|Figure 1: (above) Trapped near-size particles prevent screen openings from performing further material classification; (below) fine-material buildup or caking prevents the screen openings from performing further material classification.|
Screen blinding occurs when screen-mesh openings are blocked or closed by the material being screened. Near-size particles become trapped or build up on the wires, effectively blocking the screen openings and preventing further material from passing through the screen. Figure 1 (above) shows trapped near-size particles that prevent screen openings from performing further material classification, while Figure 1 (below) shows fine-material buildup or caking, which also impedes further material classification. Common screening problems, these phenomena are easily fixed using screen-cleaning devices. This article reviews the most common methods of screen deblinding.
Bottom-Side Screen-Cleaning Devices
Sliders, ball trays, and sandwich screens are bottom-side devices for cleaning screens.

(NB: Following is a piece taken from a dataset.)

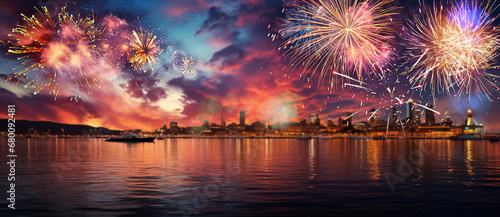 Background for Christmas and New Year. Fireworks in the night sky over the old town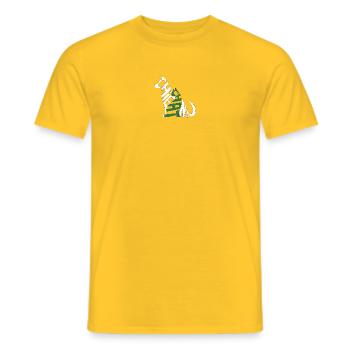 Chat et Chatons Enrisés en Typographie Jouée - T-shirt homme - jaune - Devant - AI Model Male 178 dark (178cm)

Sliders. The most common self-cleaning device is the slider. Slider rings are loose devices that slide directly beneath the screen on a slider support surface, which normally consists of a perforated metal plate. The rings are bounced vertically into the screen mesh by the vertical motion of the separator as they travel radially around the screen. The sliders are activated by the motion of the separator without the need for an additional driving force. Sliders are especially good on fine mesh because of their low impact energy and their shearing wiping action, which cleans the screen openings. They can be used in both wet and dry screening applications.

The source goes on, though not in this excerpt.